Der Eröffnungstermin wieder mal verschoben, weitere hunderte Millionen an Steuergeldern angefordert – der Hauptstadtflughafen BER kommt nicht weiter. Nun fordern die Grünen ein Umdenken.

          Der Grünen-Verkehrspolitiker Stefan Gelbhaar hat den neuen Verkehrsminister Andreas Scheuer (CSU) zu einem anderen Kurs beim Hauptstadtflughafen BER aufgefordert. „Die Augen-zu-und-durch-Mentalität der alten Bundesregierung beim BER muss jetzt ein Ende haben“, sagte Gelbhaar der Deutschen Presse-Agentur in Berlin. „Scheuer muss sich das Thema als eine der ersten Amtshandlungen auf den Tisch ziehen und beweisen, dass er schwierige Großprojekte steuern kann.“

          Weitere Steuermittel wie die nun angeforderten 100 Millionen Euro dürften nur dann bereit gestellt werden, wenn belegt sei, wofür diese genau verwendet werden. „Es muss Schluss sein mit der Black Box BER.“

          Der Verkehrsausschuss des Bundestages befasst sich am Mittwoch mit dem Stand der Dinge am BER. Erwartet wird unter anderem der Aufsichtsratsvorsitzende der Flughafengesellschaft, Rainer Bretschneider. Scheuer will nicht in den Ausschuss kommen.

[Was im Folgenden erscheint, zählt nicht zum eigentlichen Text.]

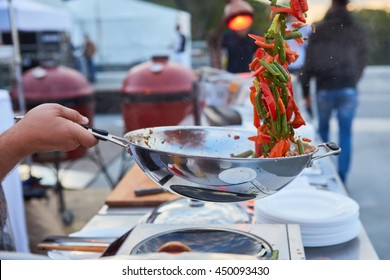 Chef Tossing Vegetables In A Wok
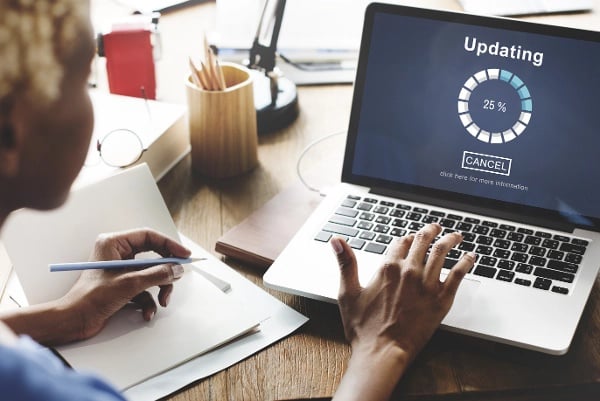 Woman updating software on laptop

          Nach der abermaligen Terminverschiebung an dem von Pannen geplagten neuen Hauptstadtflughafen könnte das Projekt für die Steuerzahler noch einmal teurer werden. Die Betreiber hatten den Start des BER im Dezember von 2018 auf 2020 verschoben und müssen deshalb eine Finanzlücke stopfen. Der Aufsichtsrat hatte Flughafenchef Engelbert Lütke Daldrup vor kurzem grünes Licht für Verhandlungen über zusätzliche 100 bis 370 Millionen Euro mit den Airport-Eigentümern. Das sind die Länder Berlin und Brandenburg sowie der Bund. Der Finanzrahmen für den BER liegt bislang bei 6,5 Milliarden Euro.